#### YOUR INSTRUCTIONS
Nothing may be left out of the listing below but its images; repeat the rest exactly.

DATA EXCERPT Block Start

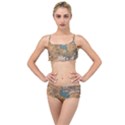 World Map Travel Pattern Architecture Layered Top Bikini Set View1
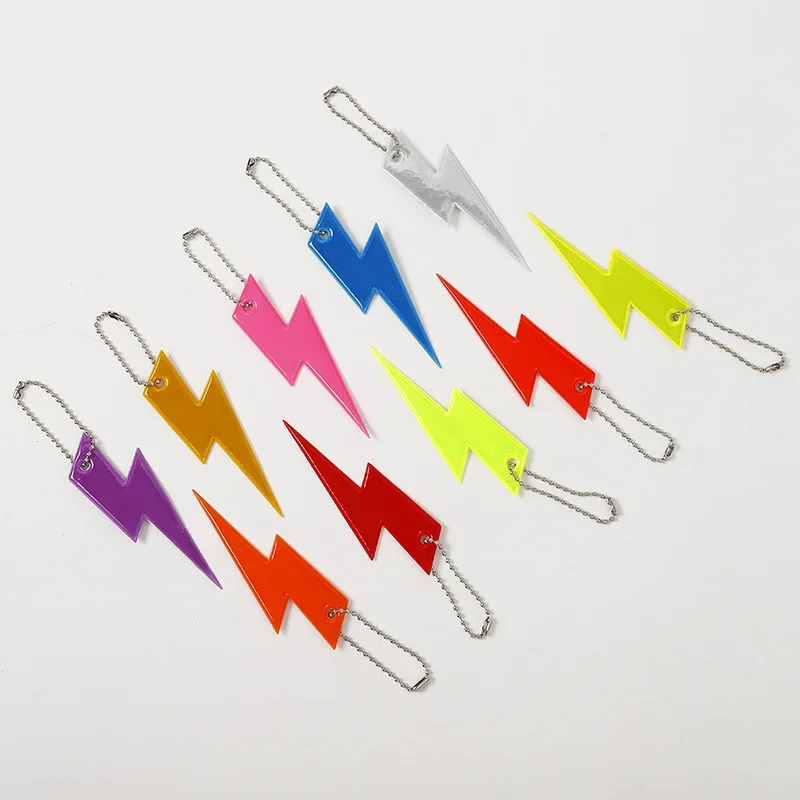 Colorful Lightning-Shaped Reflective Keychain Pendant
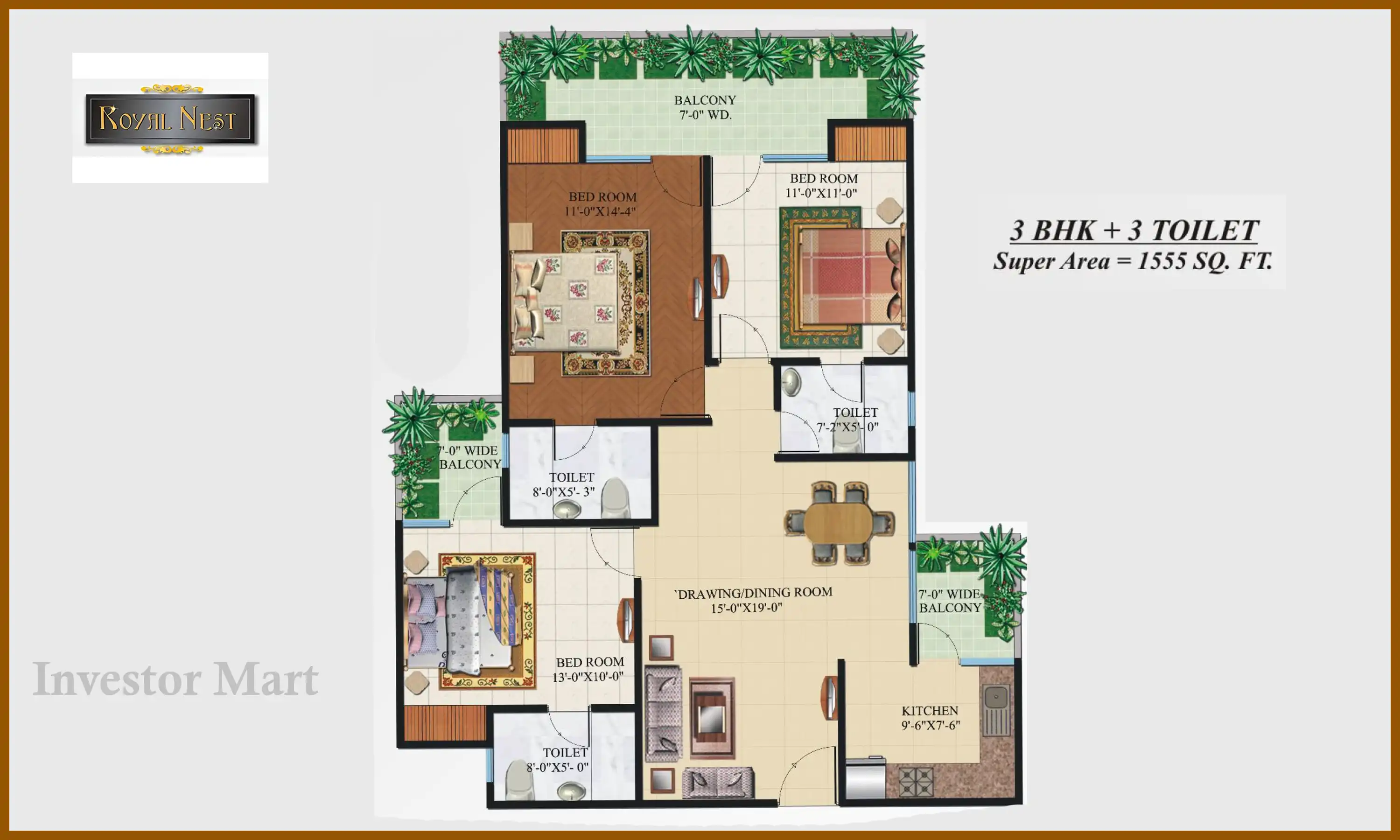 1555 Sqft
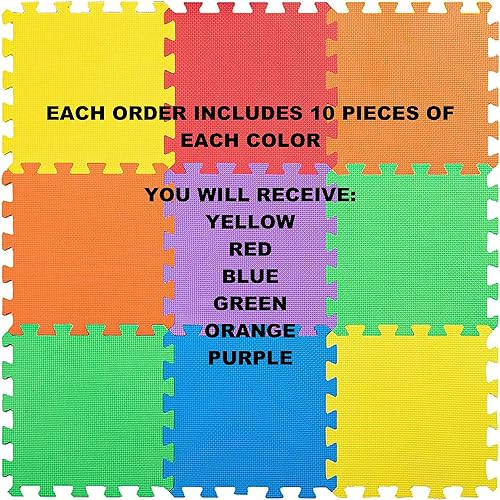 Miniatura 4 de MEDca Alfombrilla de ejercicio de 60 azulejos, espuma sólida, EVA, tapete de juego seguro para niños, recibe 10 unidades de cada color, rojo, azul,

DATA EXCERPT Block End

#### ANSWER
 World Map Travel Pattern Architecture Layered Top Bikini Set View1
 Colorful Lightning-Shaped Reflective Keychain Pendant
 1555 Sqft
 Miniatura 4 de MEDca Alfombrilla de ejercicio de 60 azulejos, espuma sólida, EVA, tapete de juego seguro para niños, recibe 10 unidades de cada color, rojo, azul,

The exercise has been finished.